Seeing Las Vegas: Las Vegas Means Leisure to Visitors

20 February 2006

They're the big questions among local operators in gaming and tourism.

Why do people visit Las Vegas? Why do they return? Are the city's hotel rooms and restaurants getting too expensive to sustain growth in the market? Will rising travel costs keep consumers away?

A nationwide telephone survey conducted in December and January by research firm MRC Group for the Review-Journal provides some answers: Consumers' reasons for visiting Las Vegas continue to evolve, and pricier rooms and meals aren't yet keeping them away. However, constricted capacity at local airports could emerge as a deal breaker for tourists on the fence about paying Sin City a visit.

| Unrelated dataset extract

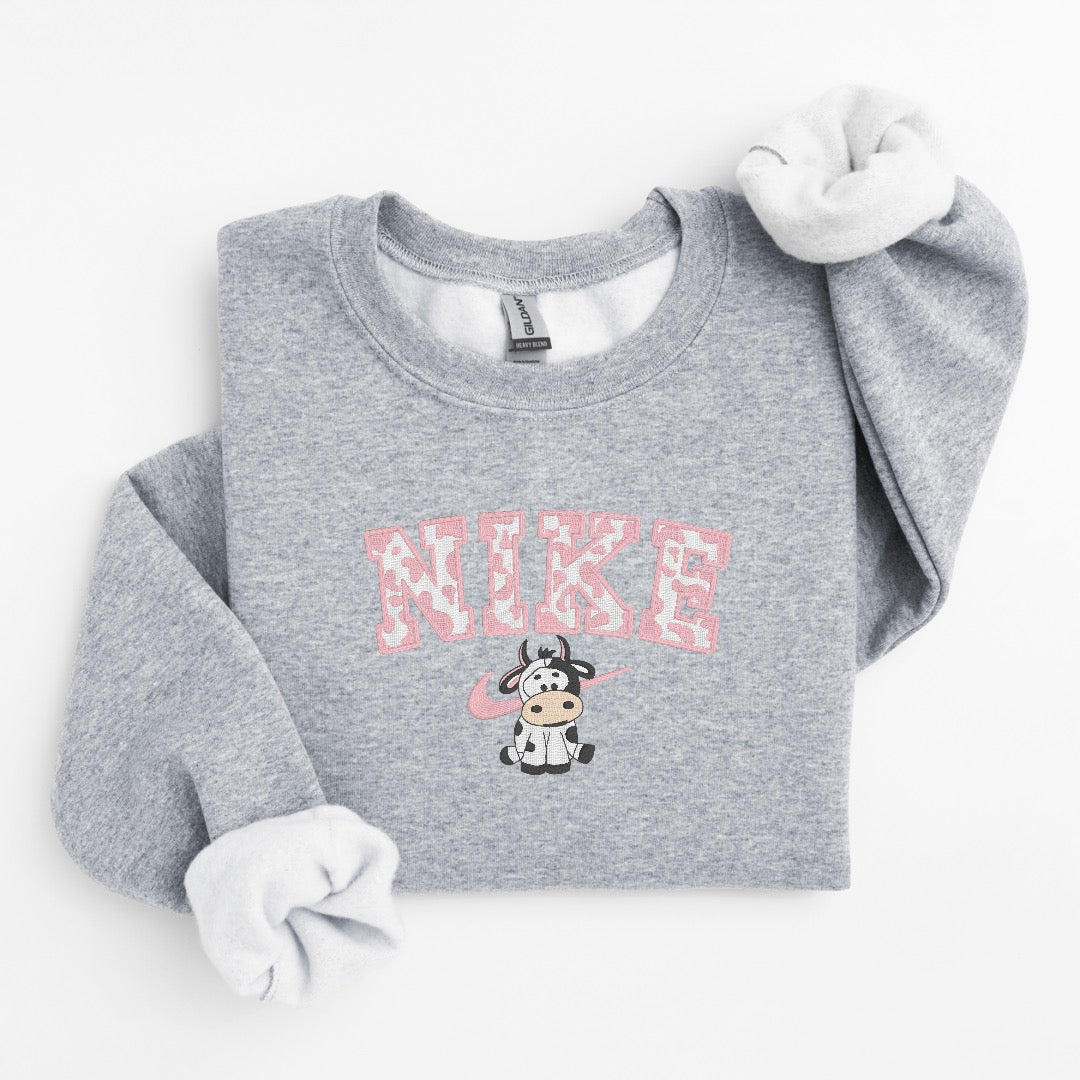 Strawberry Cow Embroidered Sweater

First, let's start with why those tourists continue to flock to Las Vegas.

For 45 percent of visitors, the primary reason for coming to Las Vegas was for leisure time. Fourteen percent came to town for a convention or business meeting, and 6 percent came primarily to gamble.

Though a small number traveled to Las Vegas expressly for gambling, 84 percent of visitors said they gambled while here. Other popular activities included eating at fine restaurants (79 percent), filling up at buffets (64 percent), sightseeing on the Strip (63 percent) and shopping (62 percent). Production shows were popular with 45 percent of tourists, and 29 percent went on sightseeing treks off the Strip.

Jim Medick, chief executive officer of MRC Group, said the new numbers reflect Las Vegas' ongoing transformation into a diversified destination. For example, MRC's first consumer surveys a decade ago showed that about 5 percent of Las Vegas tourists were coming for conventions, while 75 percent were traveling here mostly to gamble.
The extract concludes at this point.